GIVEN INFORMATION:
────────

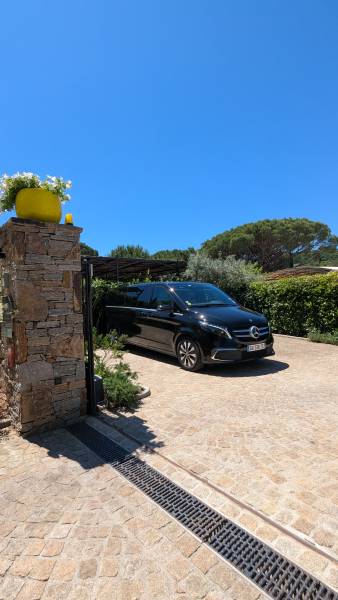 Van luxe pour visite touristique dans le confort 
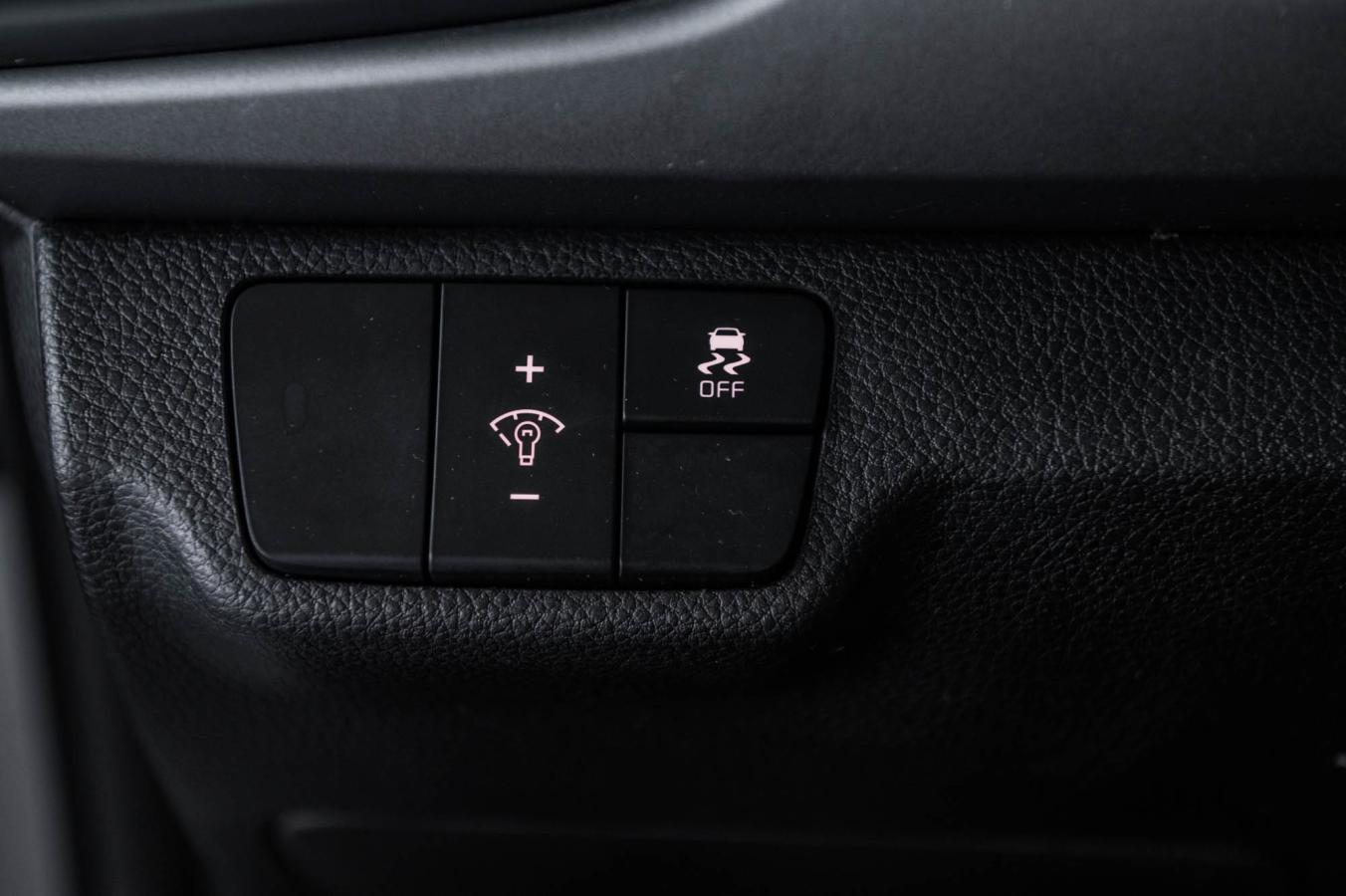 2023 Kia Rio5 - Image 14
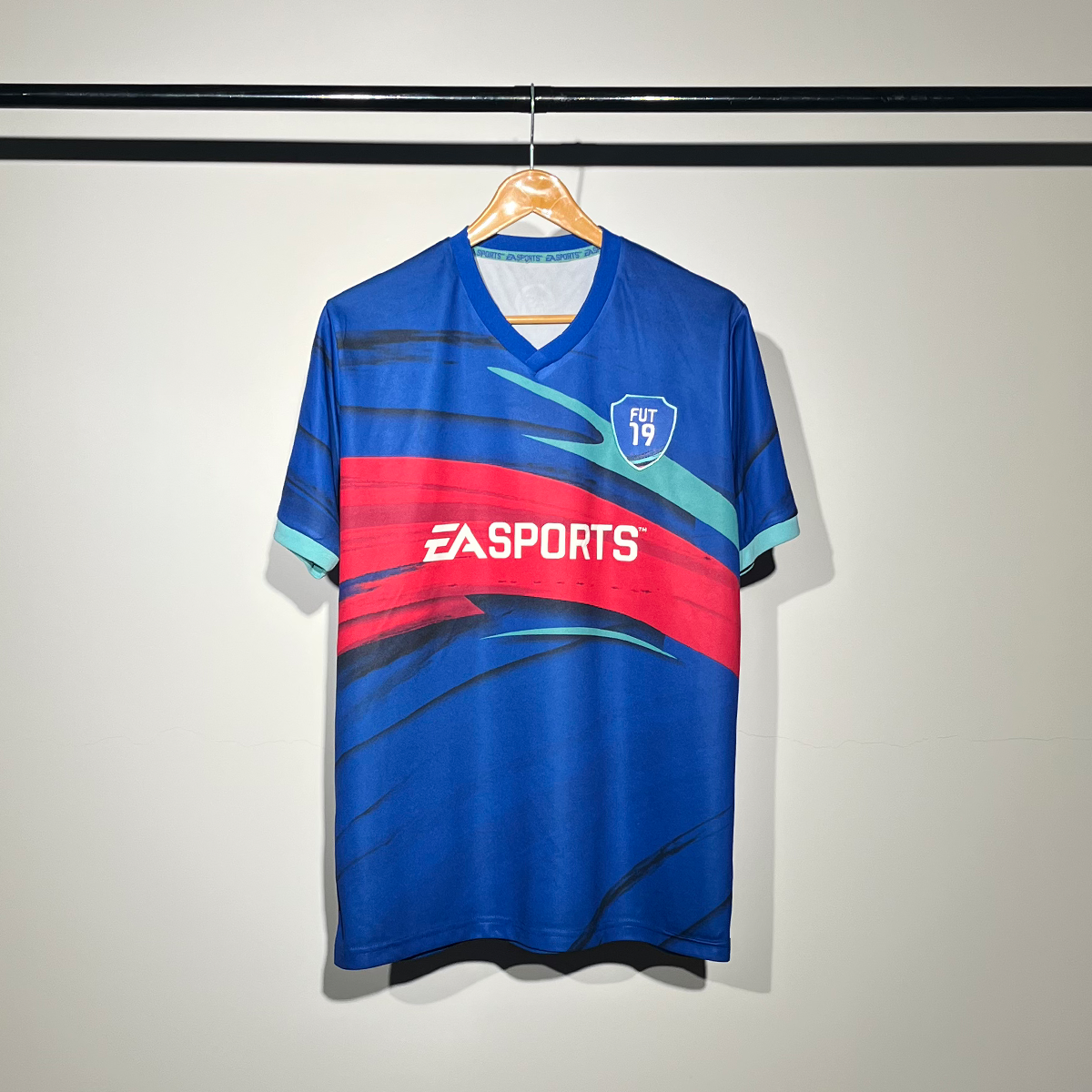 EA SPORTS FUT 19 Jersey – Blue Edition #041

────────

DESCRIPTION OF THE TASK: Without the pictures, write out every line above exactly as it appears.

TASK OUTPUT:
 Van luxe pour visite touristique dans le confort 
 2023 Kia Rio5 - Image 14
 EA SPORTS FUT 19 Jersey – Blue Edition #041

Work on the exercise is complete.